Alors que la crise sanitaire et la guerre en Ukraine ont accéléré la volonté des Etats de se protéger de la concurrence venue des pays hors Europe, un règlement européen encadrant les subventions étrangères reçues par les groupes qui réalisent des opérations de M&A ou participent à un appel d’offres public au sein de l’UE, vient d’être adopté. Une mesure favorable aux entreprises, mais qui va les conduire à un travail administratif plus lourd.
En 2015, le fabricant de pneus italien Pirelli passait sous le giron du groupe chinois ChemChina avec l’accord des autorités européennes de la concurrence. A l’époque, ce feu vert avait rapidement été dénoncé par plusieurs spécialistes. En effet, le groupe asiatique avait en amont procédé à une augmentation de capital, correspondant au montant de l’opération avec Pirelli, auprès d’un fonds souverain chinois. Or cette intervention étatique faussait la concurrence sur le marché européen. « Si, au sein de l’UE, la Commission européenne s’assure que les aides versées par les Etats membres ne créent pas de distorsion de concurrence et ne défavorisent pas les entreprises au sein du marché intérieur, dans le cas de Pirelli, le soutien financier venant d’un Etat extérieur à l’UE, les règles sur le contrôle des aides d’Etat ne s’appliquaient pas », explique Christophe Lemaire, avocat associé au sein du cabinet Ashurst.

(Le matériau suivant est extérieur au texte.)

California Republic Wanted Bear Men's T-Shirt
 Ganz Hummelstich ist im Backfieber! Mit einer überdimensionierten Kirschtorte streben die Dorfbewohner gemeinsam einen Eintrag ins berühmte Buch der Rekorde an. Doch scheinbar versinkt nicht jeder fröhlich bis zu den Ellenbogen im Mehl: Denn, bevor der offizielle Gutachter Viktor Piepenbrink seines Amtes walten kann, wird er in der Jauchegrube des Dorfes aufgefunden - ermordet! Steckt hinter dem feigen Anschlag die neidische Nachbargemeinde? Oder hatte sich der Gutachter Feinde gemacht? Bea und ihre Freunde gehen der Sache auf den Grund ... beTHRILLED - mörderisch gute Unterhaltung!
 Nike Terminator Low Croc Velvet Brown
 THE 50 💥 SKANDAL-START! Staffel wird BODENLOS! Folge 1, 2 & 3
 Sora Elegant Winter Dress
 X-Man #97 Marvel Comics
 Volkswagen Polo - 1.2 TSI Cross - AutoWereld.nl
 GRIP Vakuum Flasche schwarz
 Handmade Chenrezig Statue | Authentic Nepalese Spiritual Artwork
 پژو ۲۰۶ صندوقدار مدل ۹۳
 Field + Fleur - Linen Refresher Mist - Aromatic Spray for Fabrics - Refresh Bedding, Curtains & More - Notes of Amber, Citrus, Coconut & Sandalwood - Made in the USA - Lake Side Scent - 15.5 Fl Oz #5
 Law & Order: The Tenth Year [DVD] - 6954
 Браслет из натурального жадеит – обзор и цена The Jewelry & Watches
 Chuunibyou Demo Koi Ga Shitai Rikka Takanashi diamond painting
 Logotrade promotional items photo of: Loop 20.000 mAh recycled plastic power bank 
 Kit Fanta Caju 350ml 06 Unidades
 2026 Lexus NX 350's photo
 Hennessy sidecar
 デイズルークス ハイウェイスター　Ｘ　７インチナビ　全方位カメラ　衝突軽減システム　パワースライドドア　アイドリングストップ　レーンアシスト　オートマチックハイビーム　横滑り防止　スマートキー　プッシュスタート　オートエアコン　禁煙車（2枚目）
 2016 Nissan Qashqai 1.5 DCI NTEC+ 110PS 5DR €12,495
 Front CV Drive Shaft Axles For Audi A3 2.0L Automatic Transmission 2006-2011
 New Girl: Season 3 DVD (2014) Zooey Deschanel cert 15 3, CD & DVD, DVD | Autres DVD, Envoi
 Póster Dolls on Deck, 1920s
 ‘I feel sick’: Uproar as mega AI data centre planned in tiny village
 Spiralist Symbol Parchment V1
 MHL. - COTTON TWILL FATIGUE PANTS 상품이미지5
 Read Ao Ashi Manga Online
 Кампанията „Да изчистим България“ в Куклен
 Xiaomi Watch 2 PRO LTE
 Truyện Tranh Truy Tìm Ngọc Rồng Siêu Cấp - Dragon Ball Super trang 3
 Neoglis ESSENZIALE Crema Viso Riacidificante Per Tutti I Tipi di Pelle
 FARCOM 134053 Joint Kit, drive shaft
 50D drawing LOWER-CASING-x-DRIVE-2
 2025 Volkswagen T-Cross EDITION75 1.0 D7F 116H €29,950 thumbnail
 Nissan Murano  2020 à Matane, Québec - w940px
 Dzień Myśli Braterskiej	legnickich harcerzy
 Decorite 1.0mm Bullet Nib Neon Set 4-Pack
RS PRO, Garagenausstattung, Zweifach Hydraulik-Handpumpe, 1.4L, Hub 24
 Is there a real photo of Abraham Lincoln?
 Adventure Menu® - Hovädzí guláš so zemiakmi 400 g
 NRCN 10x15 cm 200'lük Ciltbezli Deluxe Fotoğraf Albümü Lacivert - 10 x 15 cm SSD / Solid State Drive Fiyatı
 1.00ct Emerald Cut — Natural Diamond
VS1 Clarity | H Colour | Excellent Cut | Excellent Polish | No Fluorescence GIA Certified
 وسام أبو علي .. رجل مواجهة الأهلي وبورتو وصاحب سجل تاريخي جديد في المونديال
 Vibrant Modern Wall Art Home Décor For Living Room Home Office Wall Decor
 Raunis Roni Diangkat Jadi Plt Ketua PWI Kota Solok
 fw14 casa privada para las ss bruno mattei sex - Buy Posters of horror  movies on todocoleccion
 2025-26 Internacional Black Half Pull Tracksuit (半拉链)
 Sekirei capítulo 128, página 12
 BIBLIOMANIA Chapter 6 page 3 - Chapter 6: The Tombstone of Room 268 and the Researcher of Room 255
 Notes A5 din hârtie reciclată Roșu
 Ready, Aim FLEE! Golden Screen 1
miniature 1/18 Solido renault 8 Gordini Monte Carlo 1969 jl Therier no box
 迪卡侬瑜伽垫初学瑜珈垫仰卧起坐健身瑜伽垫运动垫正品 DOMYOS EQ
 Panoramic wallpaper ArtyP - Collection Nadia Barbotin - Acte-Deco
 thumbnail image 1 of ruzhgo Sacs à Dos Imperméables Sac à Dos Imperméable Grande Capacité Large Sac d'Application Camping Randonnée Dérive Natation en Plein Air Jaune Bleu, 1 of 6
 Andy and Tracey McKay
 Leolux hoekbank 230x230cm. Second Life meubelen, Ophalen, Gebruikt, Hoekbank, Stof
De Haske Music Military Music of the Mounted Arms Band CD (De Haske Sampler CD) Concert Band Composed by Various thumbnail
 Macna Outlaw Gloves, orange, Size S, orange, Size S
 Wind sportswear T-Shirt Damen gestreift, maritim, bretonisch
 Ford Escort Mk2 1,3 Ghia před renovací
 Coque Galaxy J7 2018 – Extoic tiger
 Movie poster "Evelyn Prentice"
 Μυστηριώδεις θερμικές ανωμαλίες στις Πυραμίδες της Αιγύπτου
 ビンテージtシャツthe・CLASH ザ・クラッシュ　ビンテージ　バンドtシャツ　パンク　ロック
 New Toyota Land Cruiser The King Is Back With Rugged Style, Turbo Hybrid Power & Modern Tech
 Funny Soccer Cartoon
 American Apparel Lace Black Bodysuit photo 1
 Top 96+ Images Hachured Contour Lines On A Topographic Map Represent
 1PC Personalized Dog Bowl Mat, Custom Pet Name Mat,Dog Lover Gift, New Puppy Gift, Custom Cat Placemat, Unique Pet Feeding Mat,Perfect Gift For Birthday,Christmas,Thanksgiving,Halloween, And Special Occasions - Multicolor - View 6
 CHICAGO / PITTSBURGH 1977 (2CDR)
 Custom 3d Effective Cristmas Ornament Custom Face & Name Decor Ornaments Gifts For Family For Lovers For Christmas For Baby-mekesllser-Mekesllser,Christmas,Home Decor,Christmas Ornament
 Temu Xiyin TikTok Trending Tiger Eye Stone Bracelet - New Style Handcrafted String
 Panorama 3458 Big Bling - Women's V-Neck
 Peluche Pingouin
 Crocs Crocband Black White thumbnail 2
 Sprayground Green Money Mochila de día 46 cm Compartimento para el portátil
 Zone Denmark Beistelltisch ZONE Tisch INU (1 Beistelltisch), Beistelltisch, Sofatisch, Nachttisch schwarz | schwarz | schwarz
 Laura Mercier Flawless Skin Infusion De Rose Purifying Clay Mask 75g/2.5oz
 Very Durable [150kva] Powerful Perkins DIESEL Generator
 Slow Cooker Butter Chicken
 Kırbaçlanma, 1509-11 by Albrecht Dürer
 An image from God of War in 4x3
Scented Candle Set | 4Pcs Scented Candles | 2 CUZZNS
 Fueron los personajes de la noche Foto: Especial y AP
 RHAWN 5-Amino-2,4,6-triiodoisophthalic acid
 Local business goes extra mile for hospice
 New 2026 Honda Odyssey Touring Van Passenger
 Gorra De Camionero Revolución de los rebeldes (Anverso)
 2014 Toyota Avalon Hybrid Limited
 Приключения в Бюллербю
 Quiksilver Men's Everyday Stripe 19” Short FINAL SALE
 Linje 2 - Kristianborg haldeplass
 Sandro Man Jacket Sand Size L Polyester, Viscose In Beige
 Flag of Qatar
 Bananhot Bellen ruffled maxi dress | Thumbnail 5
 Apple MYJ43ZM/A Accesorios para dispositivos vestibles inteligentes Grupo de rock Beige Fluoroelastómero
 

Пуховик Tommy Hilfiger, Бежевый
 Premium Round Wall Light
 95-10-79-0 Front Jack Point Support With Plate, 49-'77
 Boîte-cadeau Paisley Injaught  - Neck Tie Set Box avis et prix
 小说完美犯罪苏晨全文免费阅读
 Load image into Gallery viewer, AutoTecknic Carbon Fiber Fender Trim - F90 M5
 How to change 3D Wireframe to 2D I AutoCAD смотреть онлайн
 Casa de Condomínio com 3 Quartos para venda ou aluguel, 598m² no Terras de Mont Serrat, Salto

Profitant d’un vide réglementaire sur ce sujet, plusieurs autres opérations subventionnées par des pays étrangers ont ainsi eu lieu ces dernières années en Europe. La crise sanitaire, puis la guerre en Ukraine, ont poussé les pays de l’UE à mieux se protéger contre ces pratiques jugées déloyales (voir encadré). Ainsi, en 2020, plusieurs Etats membres, dont la France, ont lancé des débats visant à mettre un frein à ce type d’opérations. Après un premier accord politique en juillet dernier, un règlement relatif aux subventions étrangères faussant le marché intérieur a été adopté le 14 décembre dernier, puis publié dans la foulée le 23 décembre.